I wouldn't say so, for reasons explained below.
After all, Haskell already has a 'Application Operator' spelled ($), which is perfectly first-class and with which you can do the equational reasoning (with lambdas) that the doco is talking about.
The thread that I was recalling (Language complexity & beginners) can be found here, https://mail.haskell.org/pipermail/haskell-cafe/2016-February.txt and it started as a discussion about the use of ($) for function application. Namely, what should its type be? Whatever you answer is going to be wrong. The root of that problem is that ($) is itself a function, and you can't insist on using a function to apply function application without risk of severe injury. So the only way to even use ($) is via the true function application syntax, namely whitespace. But whitespace as function application syntax has its own problems. So we want something like ($), but we want it to be *syntax*, and it should take the place of " " rather than supplement it. That's the argument those guys (and the paper Ben suggested) are trying to make.
Also it doesn't seem to know Haskellers very well; nor Dijkstra's well-known support for Haskell in education.
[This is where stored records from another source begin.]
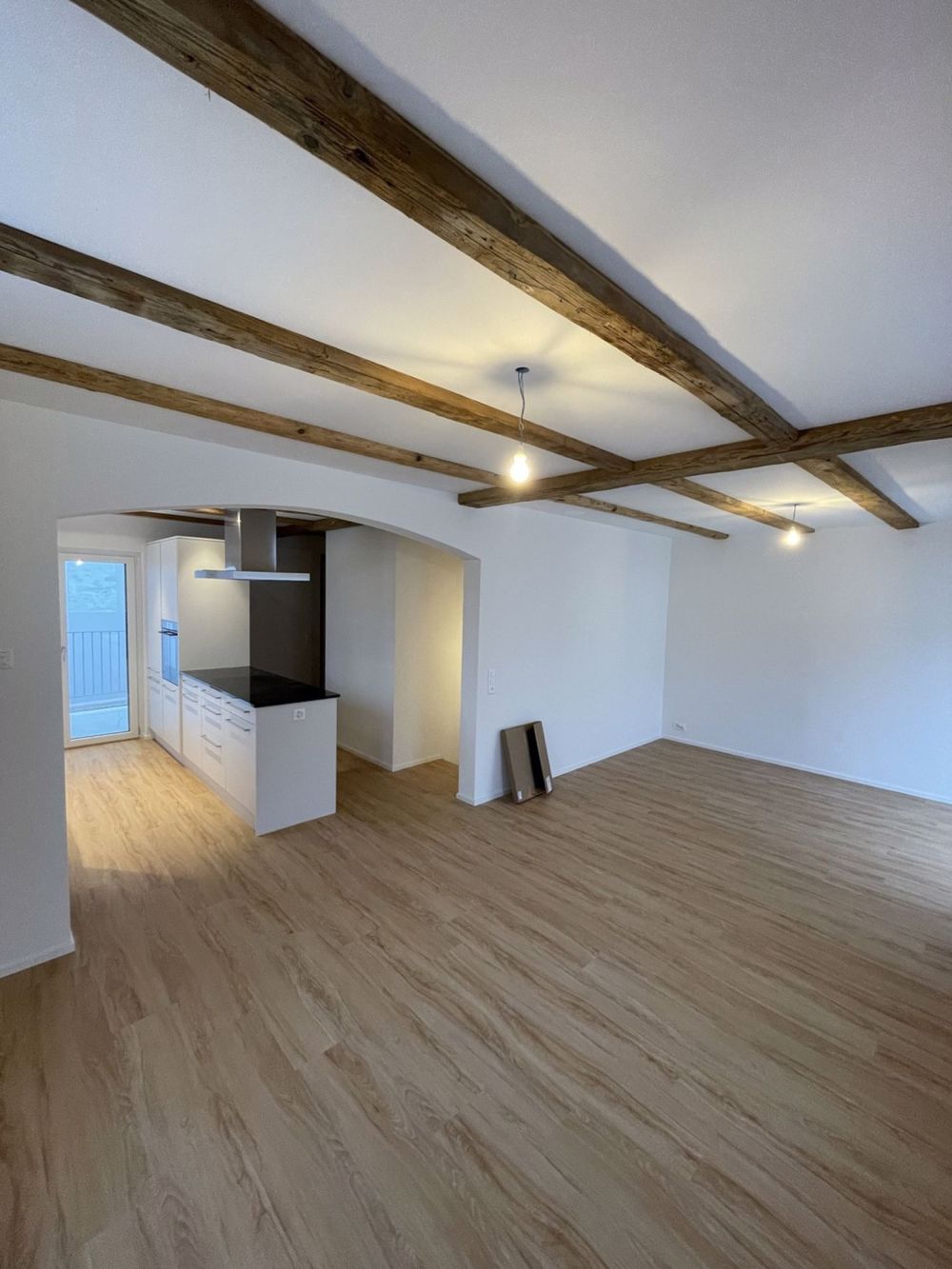 Neubau Einfamilienhaus mit Dorfcharme - Wohn- und Esszimmer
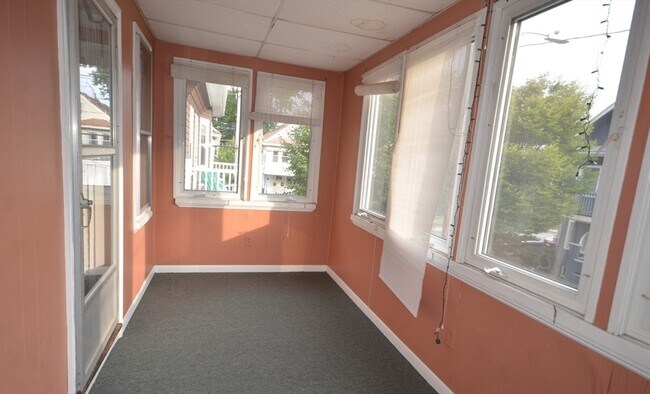 Building Photo - 20 Benton Rd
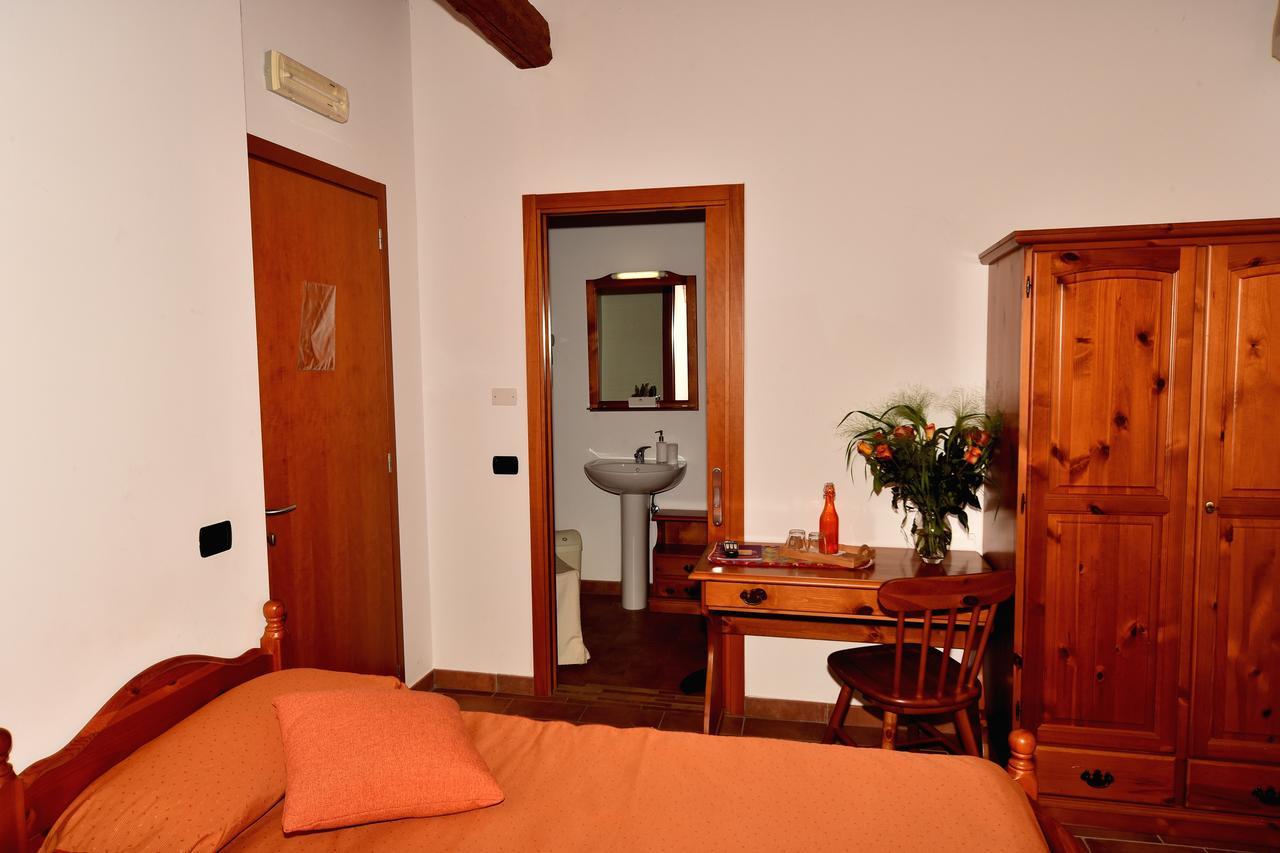 Agriturismo Le Oche Selvatiche Lauzacco 外观 照片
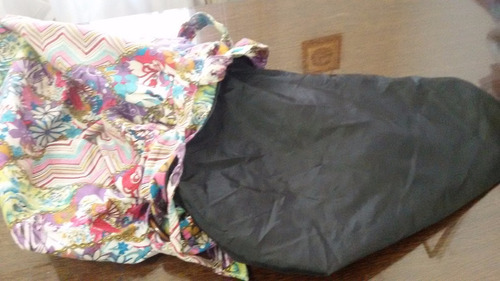 Dos Bolsos Tipo Playeros, Uno De Blaque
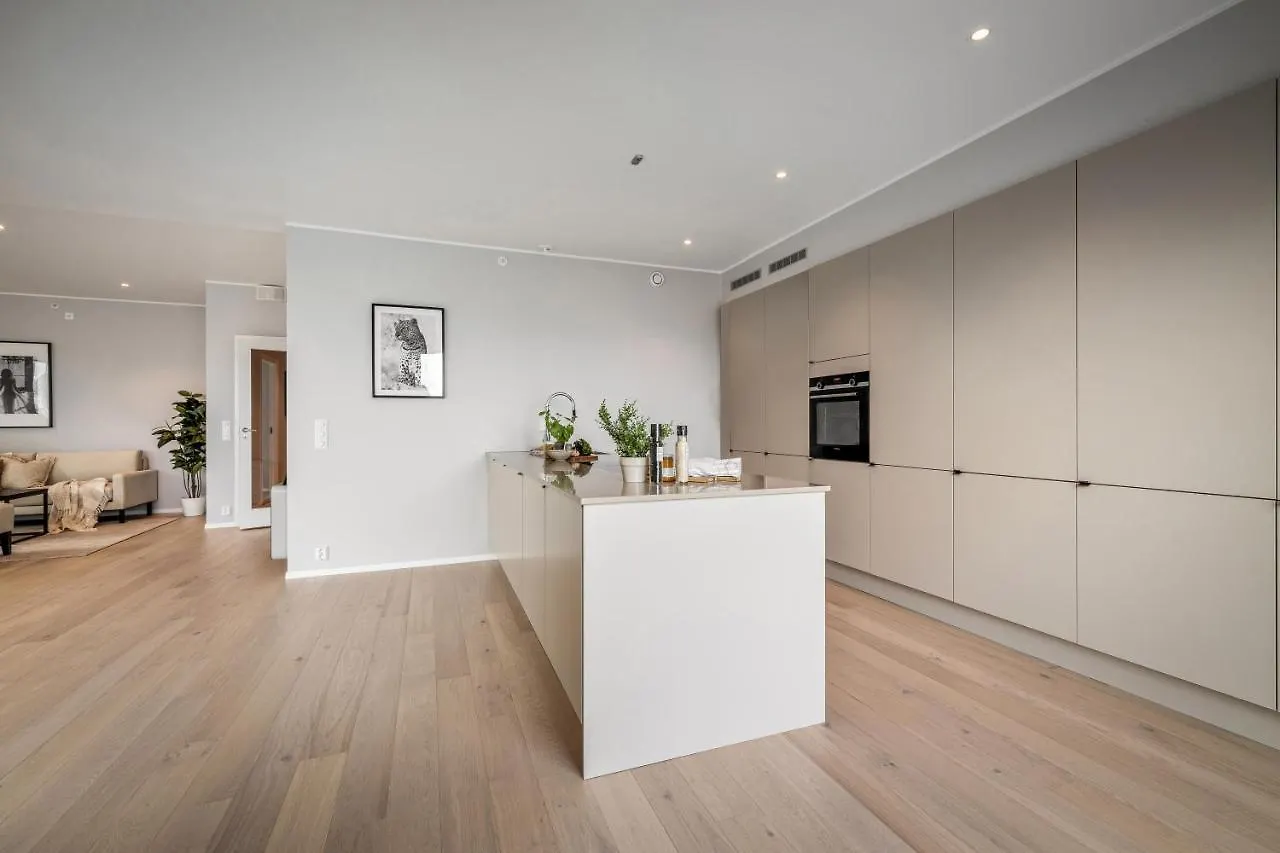 Pent House In Bergen City 0*,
There's other bits and pieces of 'Publications' on that the-magus site; including spoofs of Dijkstra which can't even spell his first name right. I rather suspect the ewd.pdf is a spoof that didn't turn out very funny. So altogether it's a couple of dudes shooting the breeze.
These all seem pretty irrelevant to the point being made, which I think has merit. This is all just a language design curiosity to me, though, and I'm not looking to start a new religious war until some of the present ones are resolved.